Napster allows songs to be purchased, or you can subscribe for $9.95 per month and listen to any song in their collection as much as you want (but if you stop paying for the subscription, you can't listen to the music anymore).
Rhapsody is another subscription service. None of these, though, are anywhere near as popular as iTunes, and you can only use certain types of music players with each store. So someone with an iPod can really only use the iTunes Store, someone with a Zune can only use ZuneCity, and so on. (Music from eMusic will work on any player because it has no DRM, and if one is willing to spend the time removing the DRM from other music, then it will also work on any player. But as discussed, that's very inconvenient.)
So this is the background to Steve Jobs' comments.

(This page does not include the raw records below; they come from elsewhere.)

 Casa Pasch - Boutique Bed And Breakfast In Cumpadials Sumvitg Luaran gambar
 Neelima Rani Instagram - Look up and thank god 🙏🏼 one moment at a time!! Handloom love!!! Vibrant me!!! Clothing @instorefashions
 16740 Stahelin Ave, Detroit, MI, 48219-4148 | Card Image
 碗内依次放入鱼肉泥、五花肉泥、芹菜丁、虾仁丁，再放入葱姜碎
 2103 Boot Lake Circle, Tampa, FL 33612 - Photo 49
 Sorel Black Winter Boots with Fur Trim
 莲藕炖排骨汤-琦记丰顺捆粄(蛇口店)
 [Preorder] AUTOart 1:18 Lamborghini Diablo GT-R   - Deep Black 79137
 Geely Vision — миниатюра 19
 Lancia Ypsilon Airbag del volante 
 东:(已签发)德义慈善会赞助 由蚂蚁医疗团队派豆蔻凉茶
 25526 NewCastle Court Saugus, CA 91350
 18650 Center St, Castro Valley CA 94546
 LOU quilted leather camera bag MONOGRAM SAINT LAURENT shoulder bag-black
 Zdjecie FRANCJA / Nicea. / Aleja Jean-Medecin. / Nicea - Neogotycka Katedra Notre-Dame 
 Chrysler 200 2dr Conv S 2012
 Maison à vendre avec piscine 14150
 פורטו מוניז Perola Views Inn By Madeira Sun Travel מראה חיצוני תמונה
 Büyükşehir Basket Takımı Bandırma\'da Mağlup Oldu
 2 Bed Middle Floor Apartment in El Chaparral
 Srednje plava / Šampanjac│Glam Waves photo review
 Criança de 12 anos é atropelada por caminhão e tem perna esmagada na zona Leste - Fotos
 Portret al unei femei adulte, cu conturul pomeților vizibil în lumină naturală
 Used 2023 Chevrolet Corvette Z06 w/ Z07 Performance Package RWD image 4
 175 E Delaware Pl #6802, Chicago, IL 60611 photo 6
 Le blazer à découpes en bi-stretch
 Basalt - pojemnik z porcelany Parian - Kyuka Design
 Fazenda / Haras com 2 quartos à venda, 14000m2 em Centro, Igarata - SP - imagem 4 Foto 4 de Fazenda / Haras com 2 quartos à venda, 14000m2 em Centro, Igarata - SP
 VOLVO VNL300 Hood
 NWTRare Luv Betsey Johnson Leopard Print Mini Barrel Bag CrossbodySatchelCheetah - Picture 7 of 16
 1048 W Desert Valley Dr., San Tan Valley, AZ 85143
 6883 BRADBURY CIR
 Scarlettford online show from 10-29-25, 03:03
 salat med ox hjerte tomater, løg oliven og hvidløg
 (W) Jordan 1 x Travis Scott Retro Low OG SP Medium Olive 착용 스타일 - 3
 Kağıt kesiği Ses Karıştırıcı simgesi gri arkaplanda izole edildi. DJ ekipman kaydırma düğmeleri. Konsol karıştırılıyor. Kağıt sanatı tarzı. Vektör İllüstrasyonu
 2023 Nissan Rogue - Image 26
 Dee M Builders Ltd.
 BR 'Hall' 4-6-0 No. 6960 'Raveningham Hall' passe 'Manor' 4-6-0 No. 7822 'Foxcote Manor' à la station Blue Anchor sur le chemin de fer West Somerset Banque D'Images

Basically, Jobs is responding to calls from critics for Apple to allow other brands of music players to play music purchased from the iTunes Store. In his article, he spends some time discussing why Apple has refused to do this, which is interesting enough. But the real meat of the article comes later, when Jobs essentially calls for music labels to give up on the concept of DRM altogether.
That's pretty revolutionary. Jobs has shown a willingness to take on the labels in the past (such as when he refused their demand to allow higher prices for certain songs and albums) but this is really asking them to radically change their thinking. Ultimately, I think that the record companies have no choice. DRM is a lot like airport security -- it's inconvenient and not very effective. However, the labels have always resisted -- hard -- being brought into the internet age, and they seem to be convinced that they can still dictate the rules to people.
It's just not the way it works anymore. Information -- and that's really what digital music files are -- flows way too fast on the internet to be controlled. That's what makes the internet a unique medium in history. And it's not a bad thing that will destroy the music industry. It's a good thing. It's easier for people to try out music that they've never heard before, and people have shown that they're still willing to pay for music if it's readily available. So you have a bigger audience that's exposed to more music that's easier to buy?
If I'm looking to grow a market, what more can I ask for?